As Bonnie started chest compressions, she asked the woman who was with the man about his medical history. His name was Gene and he had his heart checked recently because he was having trouble breathing. The tests had not shown anything to be concerned about at that time. As Gene got out of the car that day, he complained of being dizzy, then passed out. As Bonnie continued CPR, the man began to breathe and had a pulse. Bonnie stopped CPR and began patting him and calling his name. Within a few minutes he opened his eyes, looking dazed and confused and wondering why this stranger was looking over him and calling his name. By the time the ambulance arrived, Gene was completely coherent, talking, and trying to get up.

Little did Bonnie know when she left home that morning later than intended, that God had a plan for her that day - to be someone's hero. As Bonnie started CPR on Gene, she thought he was probably not going to survive - but God had another plan for Gene as well. Thank you Bonnie - we are so proud of you!

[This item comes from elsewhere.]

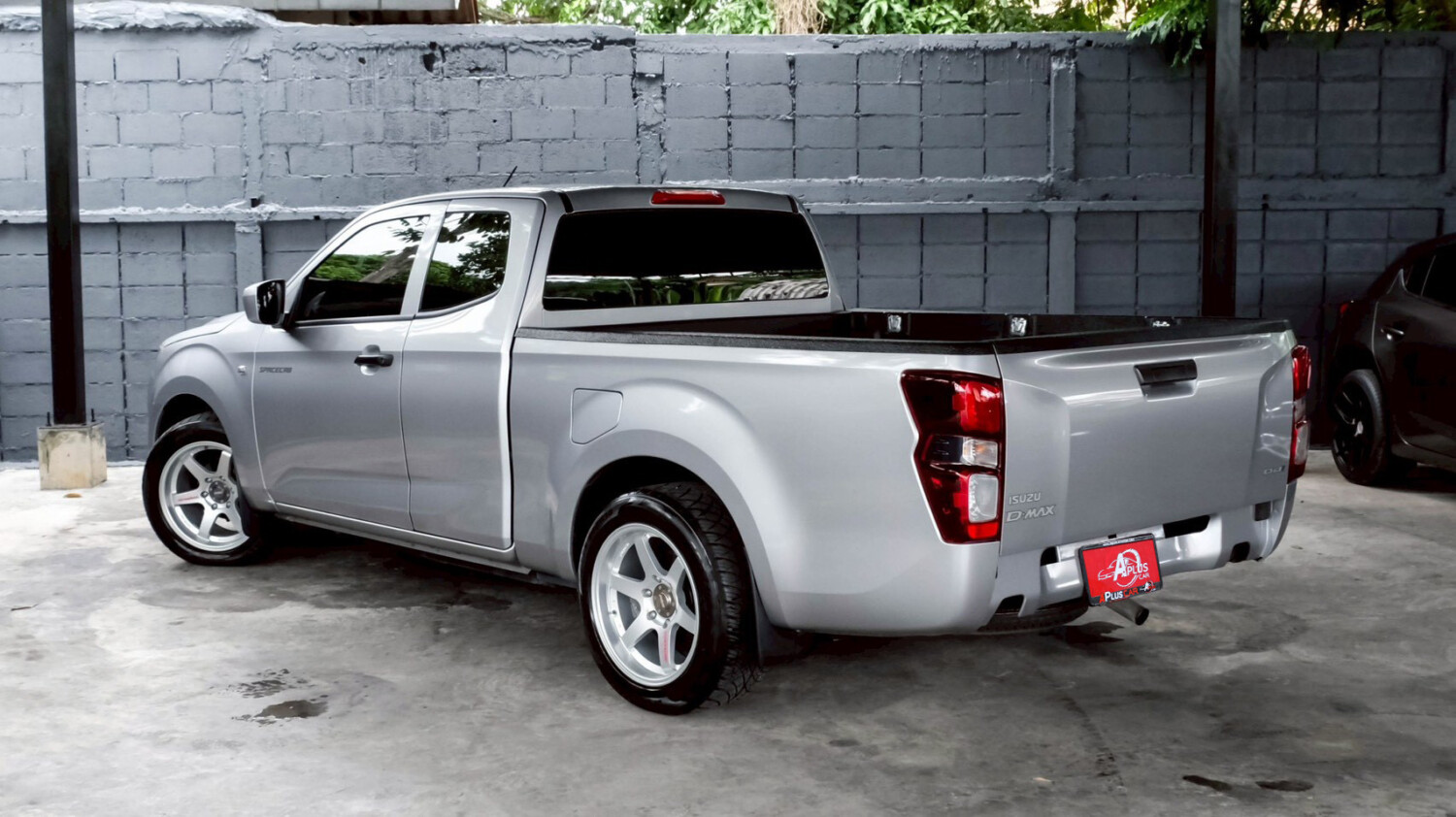 LINE_ALBUM_Dmax cab 1.9 ปี22 สีบรอนซ์ ไมล์ 19,000km ล้อte37_260629_6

Jamie Miller and two other men were at a local restaurant eating lunch when one of them noticed a lady about five tables away hitting another lady on the back. It was obvious the woman was choking. Jamie sprang into action and ran over to the table.

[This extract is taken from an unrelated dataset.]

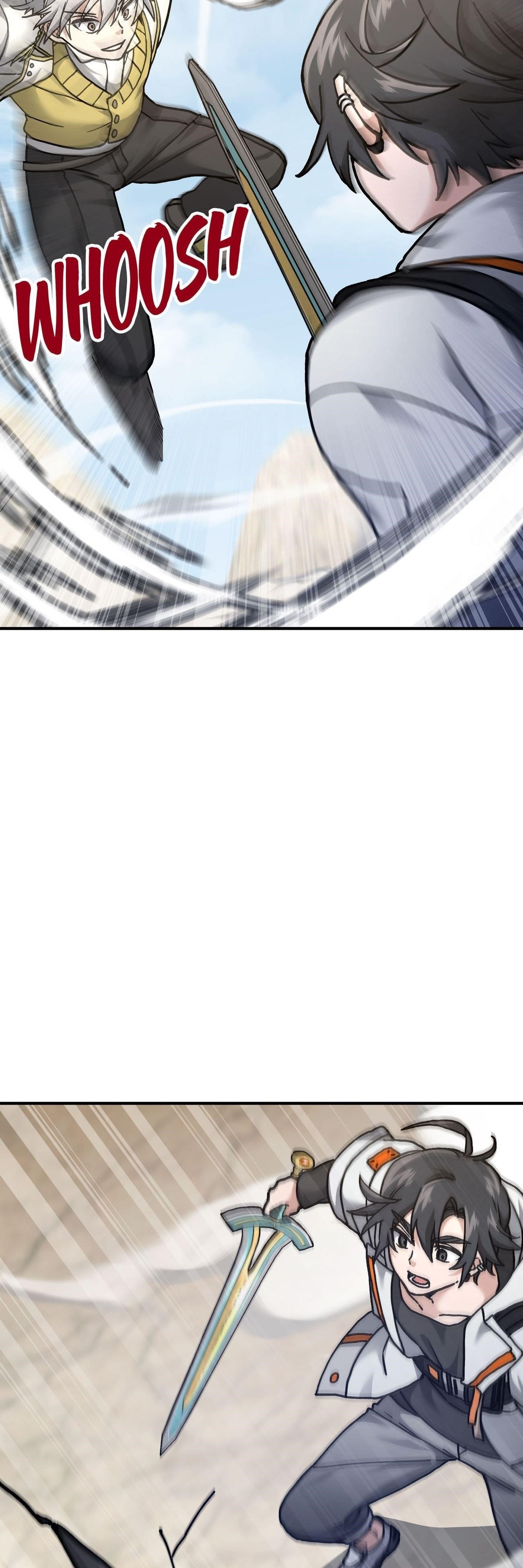 How I Became an SSS Rank Delivery Hunter Chapter 43 - Page 39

The woman's lips were already blue and she was gasping for air. Jamie immediately tried to perform the Heimlich maneuver while the woman remained seated. He soon realized it was not going to work because of the very close space. The woman was seated in front of a window and a large cart was in the way.

Knowing he had to act fast. Jamie lifted the lady out of her chair and onto her feet. Jamie quickly discovered that not only was the space tight, but the woman was very large and wearing a back brace! He quickly removed the back brace and performed the Heimlich two more times. This time, Jamie's attempts were successful and the woman began breathing again! The woman's daughter was with her and decided to take her mother to the ER at Jackson­Madison County General Hospital to make sure all was well.

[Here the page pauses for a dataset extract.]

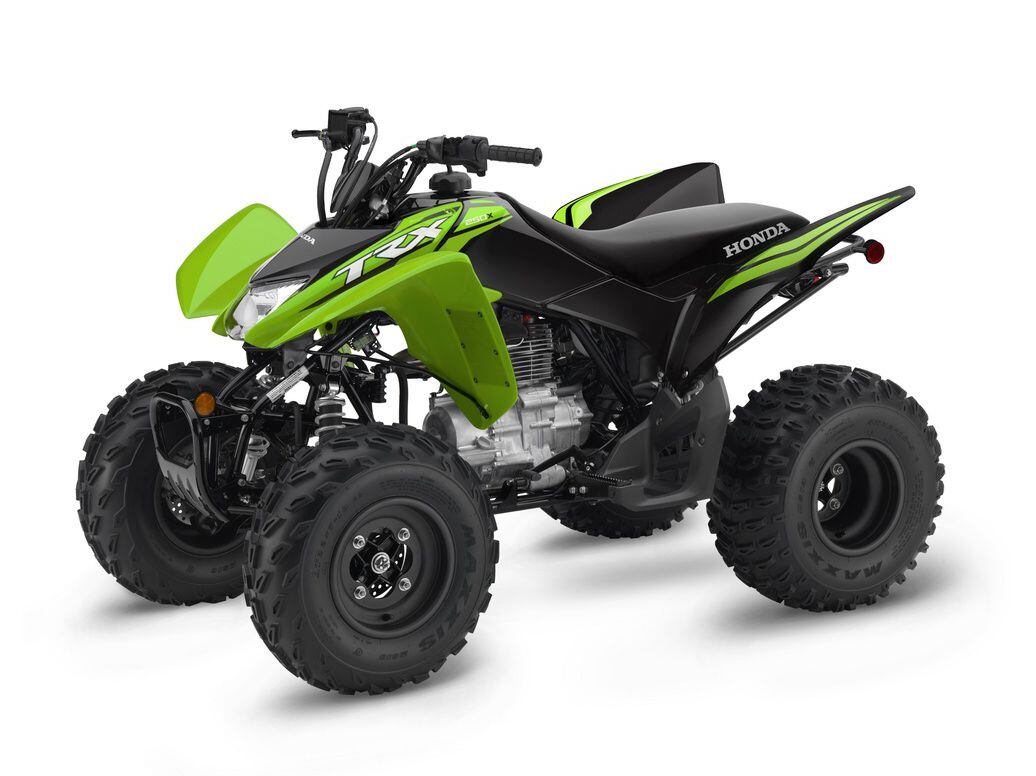 2023 Honda TRX250X Buyer s Guide Specs Photos Price ATV Rider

Later that afternoon, Jamie also went by the ER to check on the lady and was relieved to find out she was fine. The woman and her daughter were so grateful and thanked Jamie over and over for his heroic actions. We also thank Jamie for being a Hero @ Heart and are so proud to have him on our team.


Dr. Fielding Randolph was enjoying a Sunday afternoon off with family and friends at a local eatery. As he was eating his lunch, someone who recognized him approached his table and told him a customer needed his help.

Dr. Randolph quickly went over to a man lying unresponsive on the floor. He began assessing the man the best he could with limited resources. Dr. Randolph requested someone to call 911, and asked if there was an Automated External Defibrillator (AED) in the building. An AED was not in the restaurant but one of the customers sprinted over to the LIFT Center and returned with an AED.

After hearing a man had collapsed, Suzanne Cole, who was working at the LIFT, rushed over to the eatery to help. Marty Clements with the Madison County Emergency Management Agency happened to be visiting the LIFT and he also ran over to see what he could do. They arrived as Dr. Randolph was initiating CPR and began assisting. During CPR, the man's pulse soon returned. EMS arrived and the patient was transported to Jackson­Madison County General Hospital. When Dr. Randolph returned to work on Monday, one of his assigned patients was actually the man he had helped the day before!

We are so proud to recognize Dr. Randolph and Suzanne for their kindness and willingness to go above and beyond their job duties and work place to be a hero for someone in need.